How could he??
@phillygirl606 (1112)
United States
April 12, 2008 8:22pm CST
I am fuming right now. My boyfriend just called me, and while we were on the phone he accidently slipped and told me that he had been on my aol email account and that also he read all my inbox messages on my myspace page. I feel like he doesn't trust me. That he went on these pages to read my emails to see if I was talking to over guys. Because he has kind of always been insecure about my guy friend. I am really confused. I am kind of feeling that he is never gone to trust me. Am I over reacting? what would you do in you were in a similar situation? All opinions would be helpful
9 people like this
32 responses
@barehugs (8973)
• Canada
13 Apr 08
Speaking of trust - where is your's? Is there any love between you and your Boyfriend? Is there any Trust? Love is all there really Is in this world. Love makes the worls go round. Absolute Love demands Absolutely Nothing. Think about this next time you are untrusting.

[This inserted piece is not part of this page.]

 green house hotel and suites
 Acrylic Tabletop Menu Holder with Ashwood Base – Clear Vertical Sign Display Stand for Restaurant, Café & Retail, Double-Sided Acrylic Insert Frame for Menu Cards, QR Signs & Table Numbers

Why do you get upset and feel he doesn't trust you? If you trusted him, you would willing share your email inbox. Why do you hide anything from him? Do you expect him to share completely with you when you do not share with him? Is this Love? Real absolute Love? Would he be "silly" to trust you when you don't trust him?
1 person likes this
@phillygirl606 (1112)
• United States
13 Apr 08
I understand my point, but why would he need to be sneaky about getting my passwords. If he wanted to go over my stuff I would have been glad to sit there with him and let him look at what ever he wanted to look at. It's the way he went about it that upsets me. And he always compares me to his ex wife. Since his ex wife had cheated on him he has it in his head that I am gone to do the same thing. He gets upset when ever I talk to any of my guy friends. And these are people that I have known for 10 and more years. I have nothing to hide. There was no reason for him to go home and log on to my accounts. We usually spend all out free time together, if he wanted to see what I had all he had to do was ask. He went over my head with it.
@mbs730 (2147)
• Canada
13 Apr 08
Oh gosh you have every right to be angry because I would be fuming too. It's a feeling of invasion of trust. One time my husband went through my stuff and I was angrier than anything. You have every right to be angry with him, I am sorry he did that to you.
@phillygirl606 (1112)
• United States
13 Apr 08
I am feeling very hurt and angry at the same time. I have never went through anything of his. I have also never gave him a reason to not trust me. THe worse part is he sees it as no big deal because its only email. He's isn't seeing my side, I have told him time and time again that I am not doing anything wrong, and he just couldn't take my word on it. He had to go behind my back and look at my stuff anyway.
1 person likes this
@Darkwing (21583)
•
13 Apr 08
It's understandable that he's broken your trust. How did he know your password anyway? Did he intend to go read your e-mail... if so, that's despicable. I would have a few words with him, my friend, and tell him how upset you are that he can't trust you.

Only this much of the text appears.